Find the line with "New 2025 Chevrolet". Repeat it and each line after it, exactly, down to the end of the records below.

****

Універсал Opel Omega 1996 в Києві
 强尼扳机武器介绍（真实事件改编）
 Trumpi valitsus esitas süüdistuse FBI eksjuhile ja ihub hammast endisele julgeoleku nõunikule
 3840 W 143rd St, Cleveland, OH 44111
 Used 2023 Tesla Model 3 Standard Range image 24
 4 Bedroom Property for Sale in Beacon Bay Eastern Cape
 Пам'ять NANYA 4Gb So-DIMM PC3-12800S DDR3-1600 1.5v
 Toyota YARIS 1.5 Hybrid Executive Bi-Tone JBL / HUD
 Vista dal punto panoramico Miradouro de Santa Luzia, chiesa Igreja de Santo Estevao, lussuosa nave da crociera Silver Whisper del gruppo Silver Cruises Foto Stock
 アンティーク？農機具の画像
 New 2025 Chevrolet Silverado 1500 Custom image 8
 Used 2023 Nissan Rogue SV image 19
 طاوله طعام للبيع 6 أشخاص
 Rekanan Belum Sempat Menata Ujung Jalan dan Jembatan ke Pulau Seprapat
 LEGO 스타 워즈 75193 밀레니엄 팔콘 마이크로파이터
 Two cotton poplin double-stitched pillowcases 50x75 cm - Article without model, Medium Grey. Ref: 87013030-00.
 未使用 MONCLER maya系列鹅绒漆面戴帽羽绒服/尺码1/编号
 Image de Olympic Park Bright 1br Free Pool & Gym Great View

****

# RESULT OF THIS TASK
 New 2025 Chevrolet Silverado 1500 Custom image 8
 Used 2023 Nissan Rogue SV image 19
 طاوله طعام للبيع 6 أشخاص
 Rekanan Belum Sempat Menata Ujung Jalan dan Jembatan ke Pulau Seprapat
 LEGO 스타 워즈 75193 밀레니엄 팔콘 마이크로파이터
 Two cotton poplin double-stitched pillowcases 50x75 cm - Article without model, Medium Grey. Ref: 87013030-00.
 未使用 MONCLER maya系列鹅绒漆面戴帽羽绒服/尺码1/编号
 Image de Olympic Park Bright 1br Free Pool & Gym Great View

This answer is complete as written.